Oleh: Sujono
(Penulis lepas tinggal di Perum Satelit Sumenep)
Dari Abu Hurairah, Rasulullah Saw, bersabda; Barangsiapa mempunyai kemampuan tetapi ia tidak berqurban, maka janganlah ia menghampiri (mendekati) tempat shalat kami. (Ahmad & Ibnu Majah)
Rasulullah Saw, memerintahkan berqurban dengan bahasa yang tegas dan lugas, bahkan disertai ancaman.
Berqurban tidak hanya sekadar mengalirkan darah binatang ternak.

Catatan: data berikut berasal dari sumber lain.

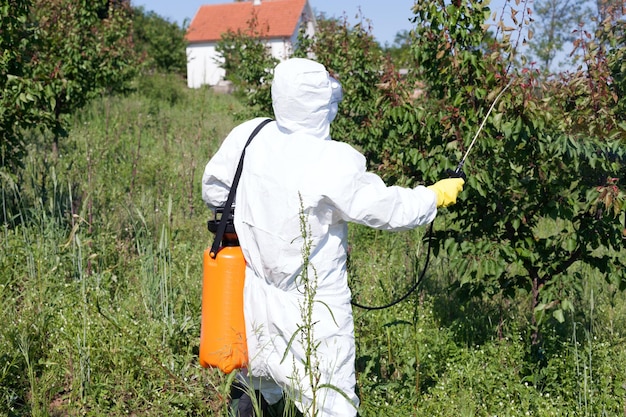 Foto man die op het veld werkt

Namun, lebih dari itu, berqurban berarti “tunduk total” terhadap perintah-Nya.
Lewat perintah berqurban, Allah Ta’ala ingin menguji hamba-hamba-Nya apakah berbaik sangka kepada-Nya sebagaimana Nabi Ibrahim ‘alaihissalam, atau berburuk sangka seperti Qabil yang lebih menuruti logika dan kemauan syahwatnya sendiri?

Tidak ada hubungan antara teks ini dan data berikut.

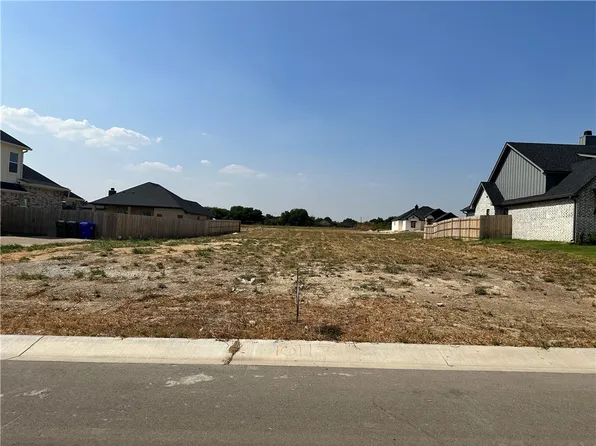10117 Charmwood Dr, Waco, TX 76712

Qabil justru membunuh saudara kembarnya karena menganggap hal itulah yang lebih masuk akal. Ia tidak percaya terhadap perintah Allah Subhanahu wa Ta’ala.
Kita telah tahu bagaimana pengorbanan Nabi Ibrahim ‘alaihissalam, yang harus meninggalkan istrinya, Siti Hajar dan putranya Ismail ‘alaihissalam yang masih bayi di lembah yang tandus dan jauh dari keramaian, tanpa makanan dan minuman.
Kita juga tahu bagaimana Nabi Ibrahim ‘alaihissalam, harus berqurban. Ia diperintah untuk menyembelih sang anak (Ismail ‘as), ketika di puncak kerinduannya.
Jika sikap berqurban atas dasar iman itu tertanam pada diri kaum Muslimin tanpa keraguan sebagaimana Nabi Ibrahim, niscaya umat Islam akan maju dalam segala hal.
Guru berqurban dengan ilmunya, si kaya berqurban dengan hartanya, para politikus berqurban dengan waktu dan kepintarannya, dan seterusnya.
Kita harus berani menyembelih kemauan pribadi yang bertentangan dengan kemauan syariat.
Dari berqurban kita bisa berbagi. Dari berbagi inilah kita retas sekat pemisah antara si kaya dan si miskin.
Lima belas abad yang lampau, Rasulullah Saw, berkumpul bersama para Sahabatnya di suatu majelis.
Kebanyakan Sahabat yang duduk bersama Rasulullah Saw, saat itu adalah kaum dhuafa’. Sekedar menyebut beberapa nama Sahabat yang hampir semuanya bekas budak, yakni; Salman al-Farisi, Ammar bin Yasir, Bilal bin Rabah, Suhayb, Khabab bin al-Arat.
Mereka adalah orang-orang yang hidupnya sangat sederhana, jika tidak mau dikatakan miskin. Pakaian mereka lusuh dan berbulu kasar.
Namun…!
Meskipun mereka kaum dhuafa’ bukan berarti mereka lemah. Justru merekalah perintis penegakan peradaban Islam. Jadi, jangan sepelekan kaum dhuafa’.